=== DATA FOR ANALYSIS ===

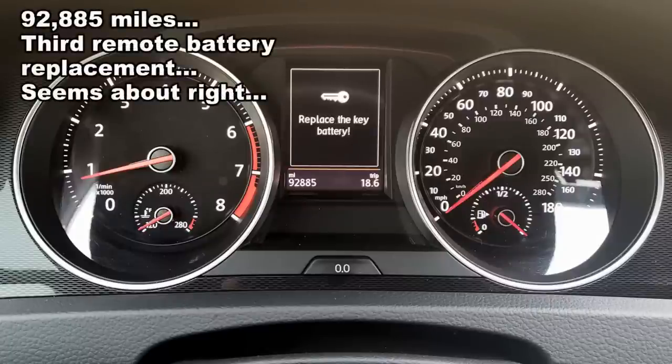The short version: the car is fantastic. I can't see myself getting rid of it anytime soon. Some things have broken, so let me tell you what's going on and what's been happening with it.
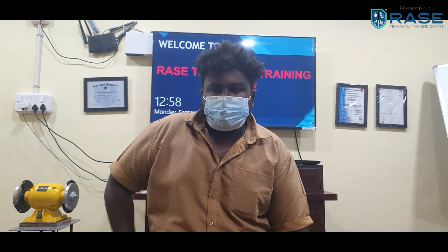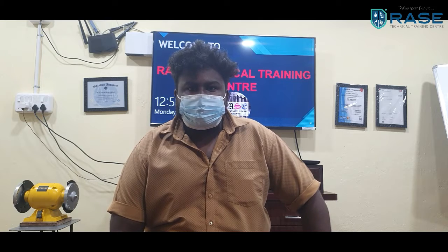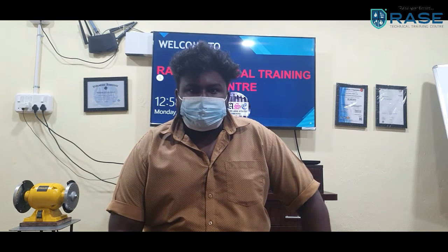I learned more about rotating equipment like pumps, centrifugal compressors, reciprocating compressors, steam turbines, and gas turbines. I also gained knowledge about alignments and overhauling and assembling. Rostec Services helped me learn more about rotating equipment, and now I have the capacity to work in any industry. I am very thankful to Rostec Services.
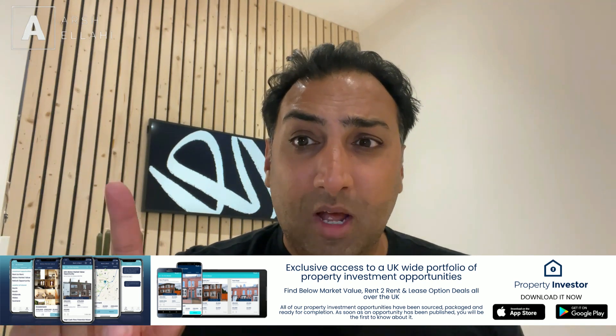The economy is doing its thing, but you're actually in charge of your own destiny. So go out and take advantage of all the opportunities you can. If you want to get in contact with me, go to arshilahi.com/contact and send me a message — just let me know if there's anything I can help you with. All these videos are sponsored by the Property Investor app, the UK's first property investment platform which showcases deals all over the country.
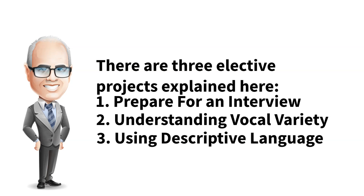Project 3 is Using Descriptive Language. This project addresses the difference between literal and figurative language, along with how to determine when to use each to create vivid descriptions. The purpose is to practice writing a speech with an emphasis on adding language to increase interest and impact.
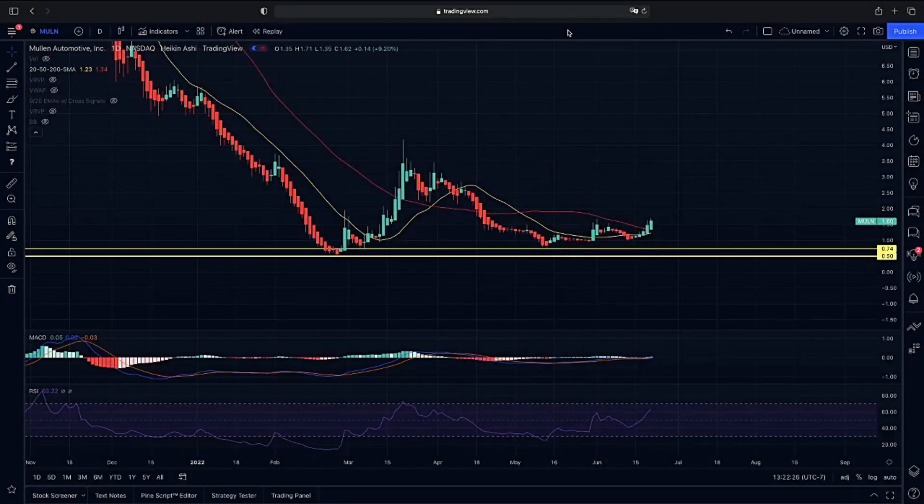Welcome back to Instables, everyone. I'm going to go in with you guys on MULN. MULN will be added to the Russell 2000 and 3000 on June 27th. I'm going to go over exactly which kind of momentum we have at this point in time.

===

▶ _WHAT NEEDS TO BE DONE_
What is needed is the exact run of lines from the start of the data through the line with "The economy is", both ends included, minus the pictures.

▶ _RESPONSE BELOW_
The short version: the car is fantastic. I can't see myself getting rid of it anytime soon. Some things have broken, so let me tell you what's going on and what's been happening with it.
I learned more about rotating equipment like pumps, centrifugal compressors, reciprocating compressors, steam turbines, and gas turbines. I also gained knowledge about alignments and overhauling and assembling. Rostec Services helped me learn more about rotating equipment, and now I have the capacity to work in any industry. I am very thankful to Rostec Services.
The economy is doing its thing, but you're actually in charge of your own destiny. So go out and take advantage of all the opportunities you can. If you want to get in contact with me, go to arshilahi.com/contact and send me a message — just let me know if there's anything I can help you with. All these videos are sponsored by the Property Investor app, the UK's first property investment platform which showcases deals all over the country.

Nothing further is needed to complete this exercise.